Adorno

The Frankfurt School represents the first major attack on Marxism in the name of "Western Marxism." While Gramsci and Lukacs operate within the framework of Marxism and were even members of the Communist Party, the Frankfurters made no such pretensions.

Instead they question the possibility of proletarian revolution since modern capitalism has found a way to lull people into passive acceptance of the system. The heroic proletariat of the age of Marx and Engels that created the Paris Commune has disappeared. What we have today is well-fed, movie-going consumers who are too dull to even know that they are slaves to the capitalist system. The Frankfurter's idea of a working-class bears strong resemblance to the likes of Homer and Marge Simpson, Ralph and Alice Kramden, and Archie and Edith Bunker. The children are like Bart Simpson and Beavis and Butthead. (Soulful and intelligent Lisa Simpson, on the other hand, may be a throwback to the English Chartists.)

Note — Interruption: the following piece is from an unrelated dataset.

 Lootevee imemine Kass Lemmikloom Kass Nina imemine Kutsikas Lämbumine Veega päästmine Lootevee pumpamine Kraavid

Of course there were some fitful attempts at revolution in Western Europe in the good old days prior to the 1940s when "Dialectics of Enlightenment" was written, but these seem to have gone nowhere. Since Adorno and Horkheimer are so fixated on the triumphal Nazi state and its second cousin, American capitalism, there is little attempt to understand how the German working-class found itself in the fascist straight-jacket. Adorno and Horkheimer seem much more interested in an exegesis of the Odyssey or De Sade than this rather boring history stuff. (Of course, I will be taking a look at Erich Fromm's rather close study of the Nazification of the German working-class in my next post.)

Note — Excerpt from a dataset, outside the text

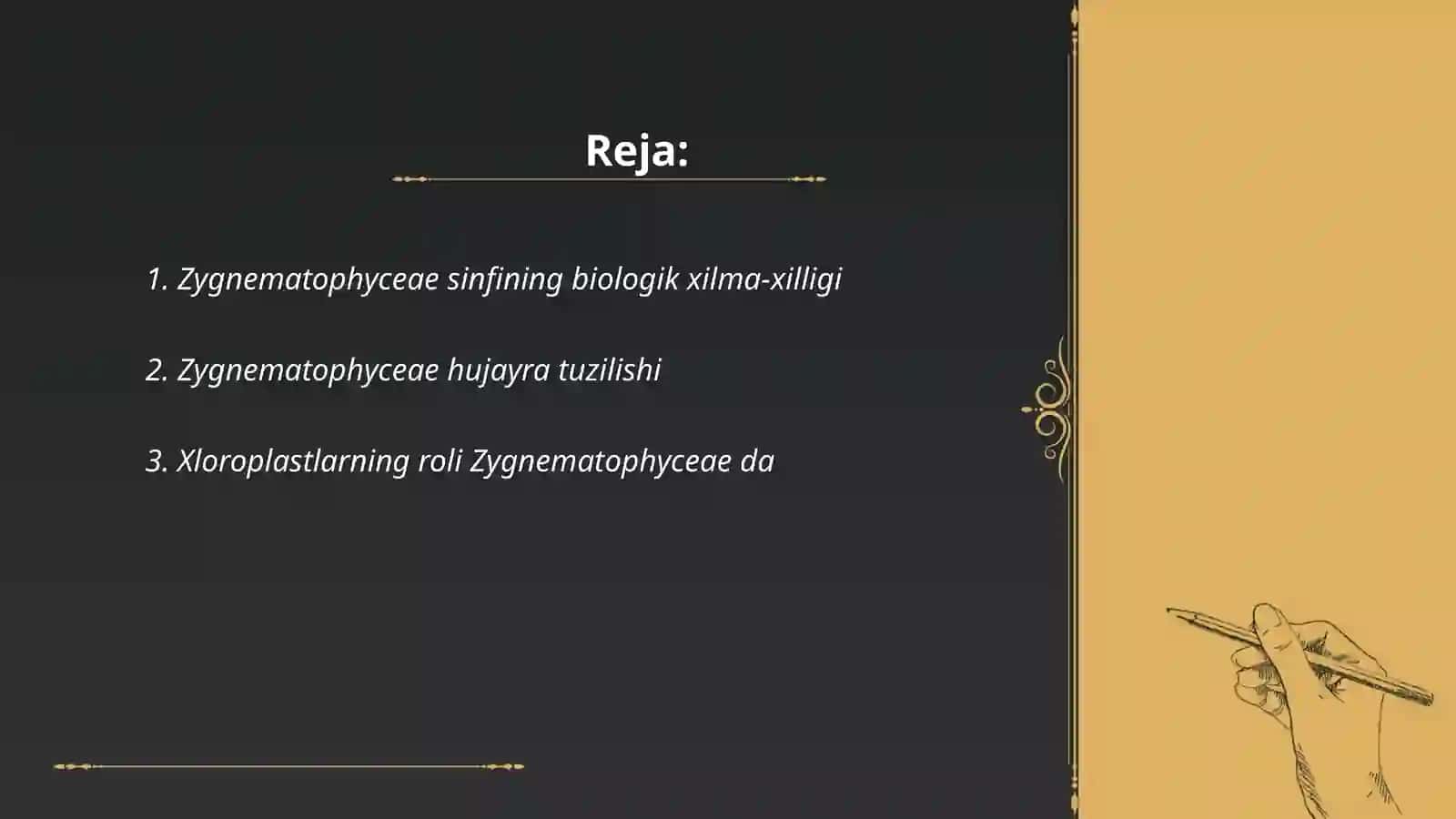 Zygnematophyceae sinfi 2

Let me try to fill in a little bit of this history so that we can understand how little there was in the world of the 1940s to cheer these philosophers.

The German working-class in its majority was for socialism in the 1920s. Try to think of what this means. If we were in similar circumstances today, this would represent electoral victories for socialist parties everywhere. There would be socialist mayors of cities like New York, Los Angeles, Chicago, etc. The Congress would have a big representation of socialists. Morning newspapers printed by socialist parties would have circulation in the millions.

So how did a tiny gang of fascists take power?

Part of the reason of course is that the big bourgeoisie needed a powerful weapon against socialist revolution. Hitler and his brown- shirts stepped forward. In exchange for cash payments from industrialists, they broke into socialist and trade union meetings and beat people into unconsciousness. This was what historical fascism looked like, rather than some form of Kantian philosophy run amok as argued by Adorno and Horkheimer.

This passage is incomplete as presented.